What is required - Give the entries back exactly, dropping each image.
%%
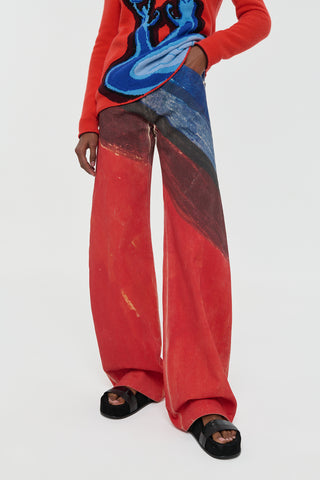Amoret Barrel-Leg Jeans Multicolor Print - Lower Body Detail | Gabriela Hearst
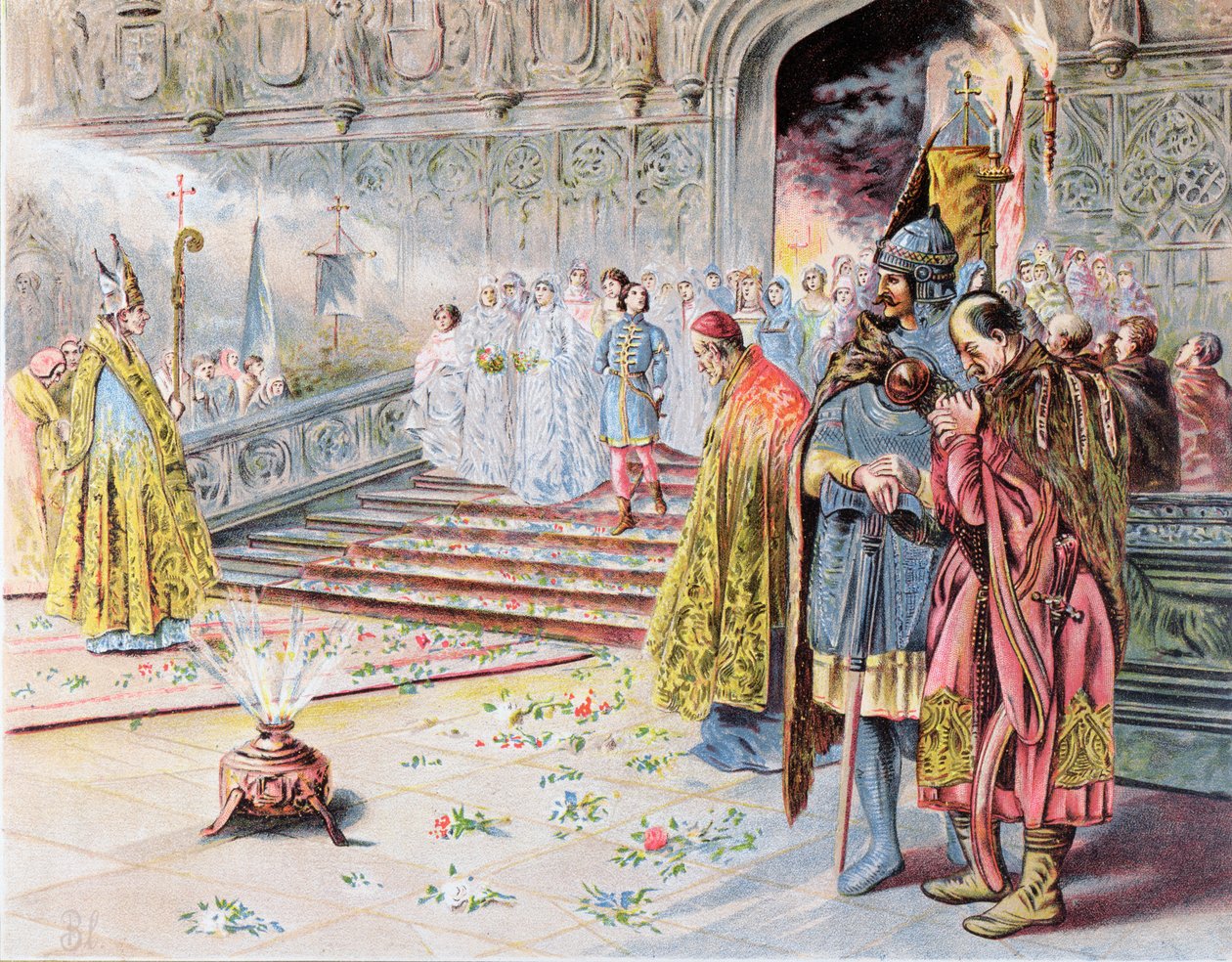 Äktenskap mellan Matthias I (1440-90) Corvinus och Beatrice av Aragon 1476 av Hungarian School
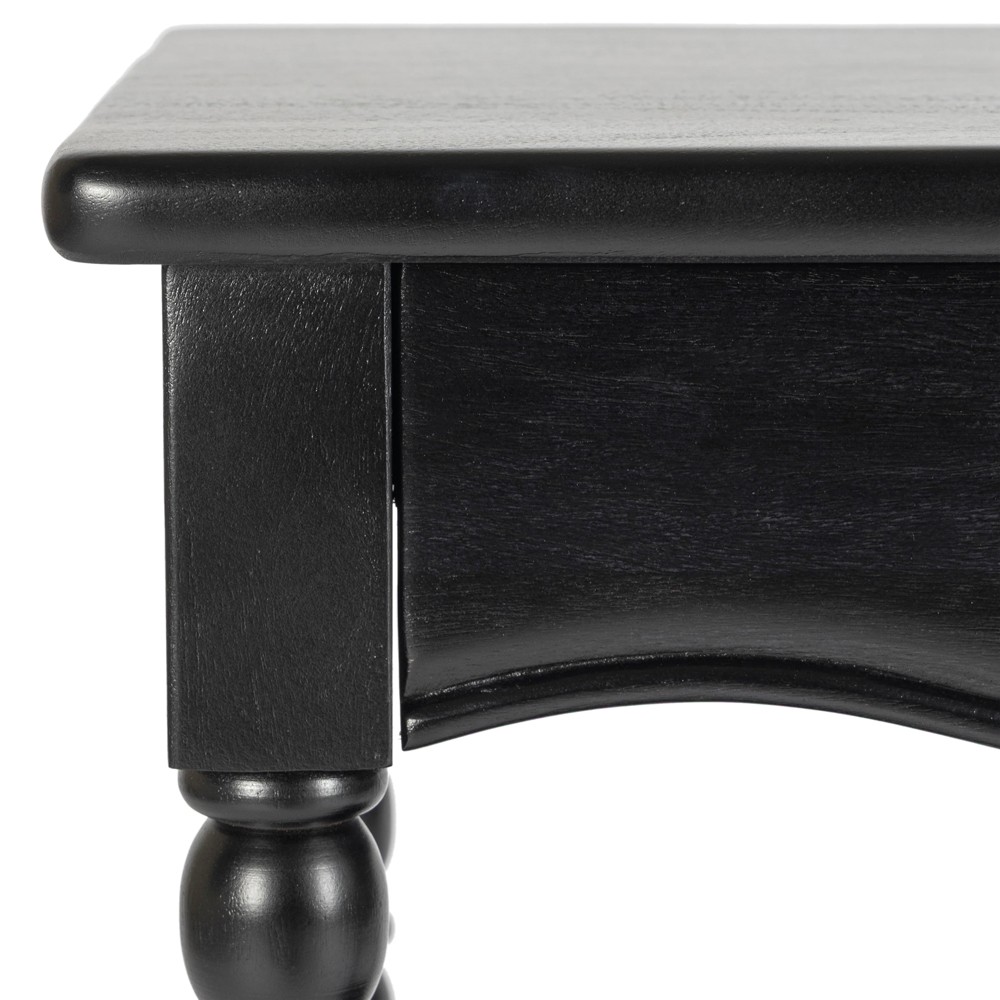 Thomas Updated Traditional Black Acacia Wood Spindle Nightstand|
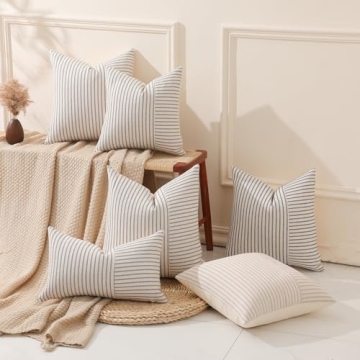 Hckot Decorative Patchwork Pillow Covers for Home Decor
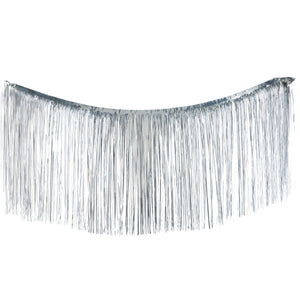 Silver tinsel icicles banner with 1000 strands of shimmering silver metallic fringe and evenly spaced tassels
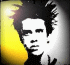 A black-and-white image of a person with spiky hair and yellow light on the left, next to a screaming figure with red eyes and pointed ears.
%%
Result -
Amoret Barrel-Leg Jeans Multicolor Print - Lower Body Detail | Gabriela Hearst
 Äktenskap mellan Matthias I (1440-90) Corvinus och Beatrice av Aragon 1476 av Hungarian School
 Thomas Updated Traditional Black Acacia Wood Spindle Nightstand|
 Hckot Decorative Patchwork Pillow Covers for Home Decor
 Silver tinsel icicles banner with 1000 strands of shimmering silver metallic fringe and evenly spaced tassels
 A black-and-white image of a person with spiky hair and yellow light on the left, next to a screaming figure with red eyes and pointed ears.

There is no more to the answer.